(Exercise input Opens)
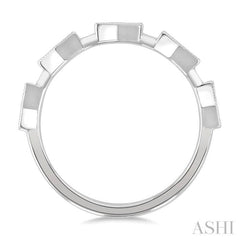 1/10 Ctw Elongated Hexagon Mount Link Round Cut Diamond Stackable Fashion Band in 10K White Gold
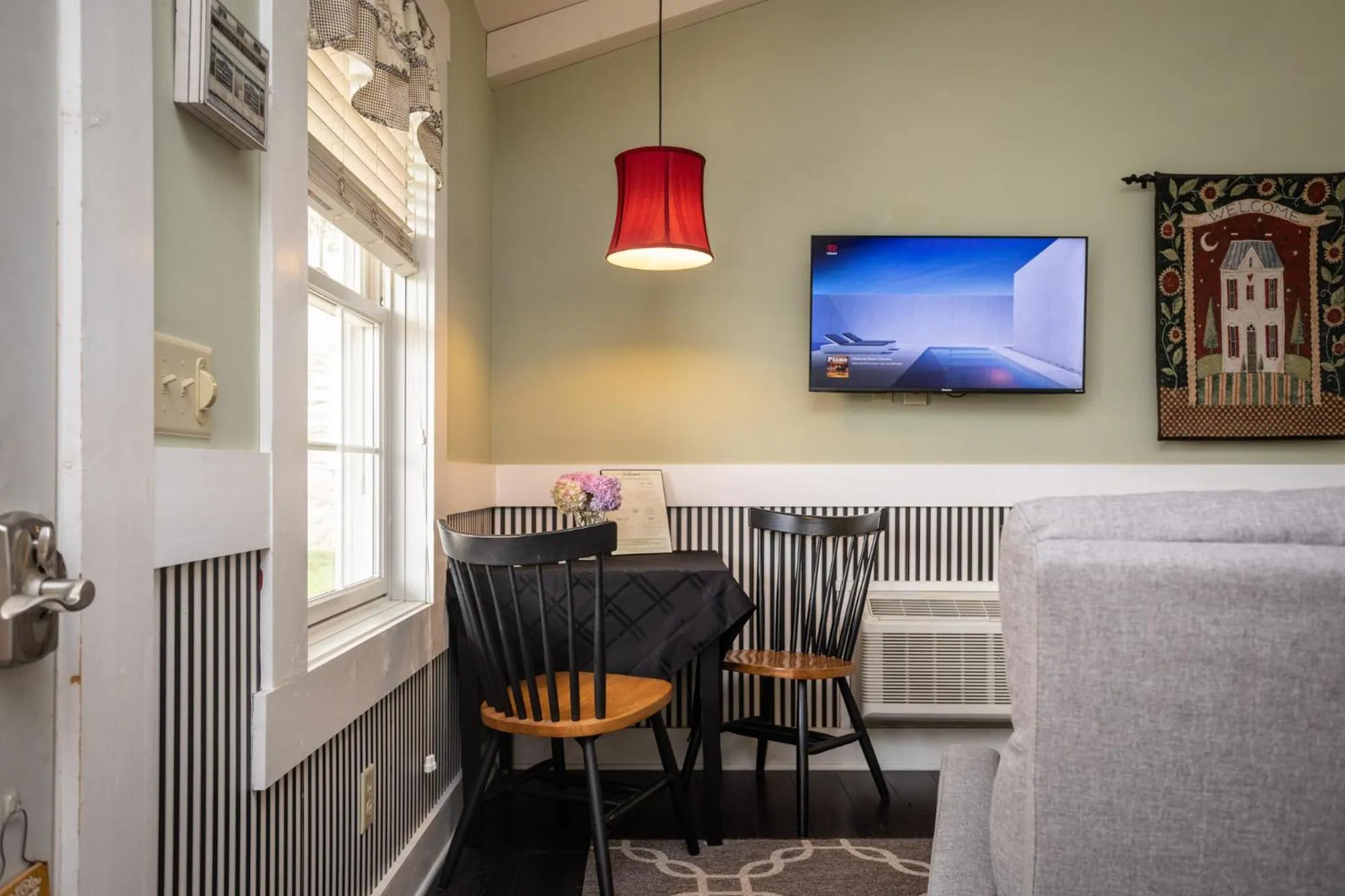 TV and multimedia in By the Side of the Road Inn & Cottages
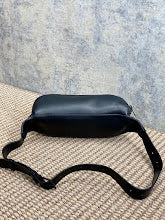 Premium Women's Shoulder Bag - Designer Luxury Fashion Accessory - NM3643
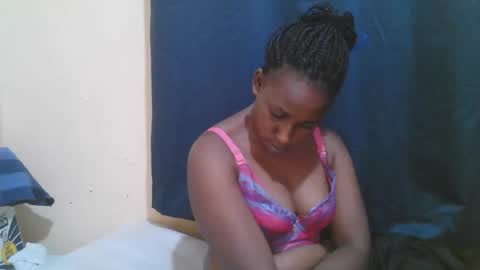 Snapshot of naughty_slender2 chatting on 10/12/25, 12:53 jn online show from 10/12/25, 12:53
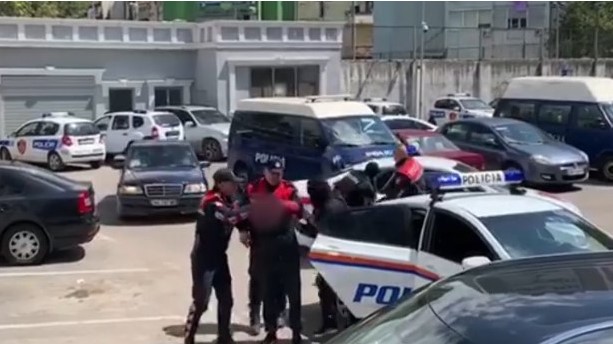 EMRI/ Përplasi për vdekje vogëlushen gjatë manovrave me makinë, arrestohet shoferi 24-vjeçar!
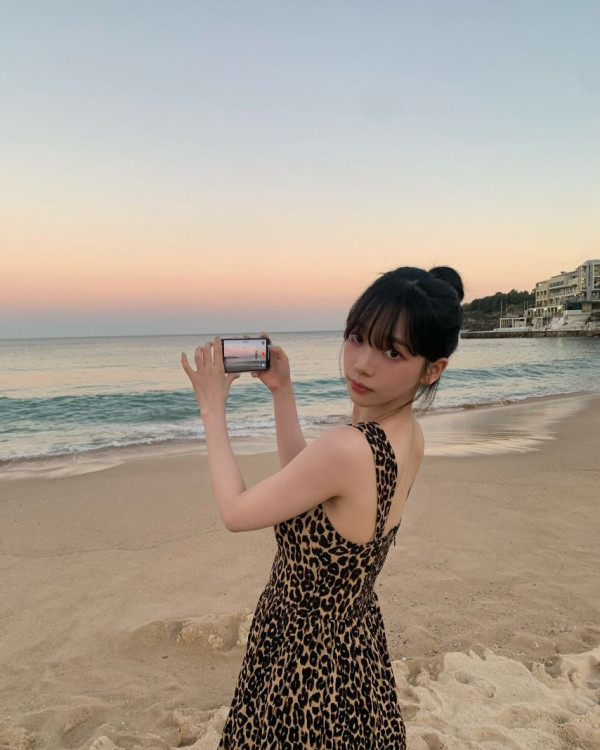 호피 원피스 입은 에스파 카리나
(Exercise input Closes)
→ **The problem**:
Return exactly the lines from the line with "Premium Women's Shoulder" through the last line of the data above, both included; pictures do not go in the answer.

→ **Output below**:
 Premium Women's Shoulder Bag - Designer Luxury Fashion Accessory - NM3643
 Snapshot of naughty_slender2 chatting on 10/12/25, 12:53 jn online show from 10/12/25, 12:53
 EMRI/ Përplasi për vdekje vogëlushen gjatë manovrave me makinë, arrestohet shoferi 24-vjeçar!
 호피 원피스 입은 에스파 카리나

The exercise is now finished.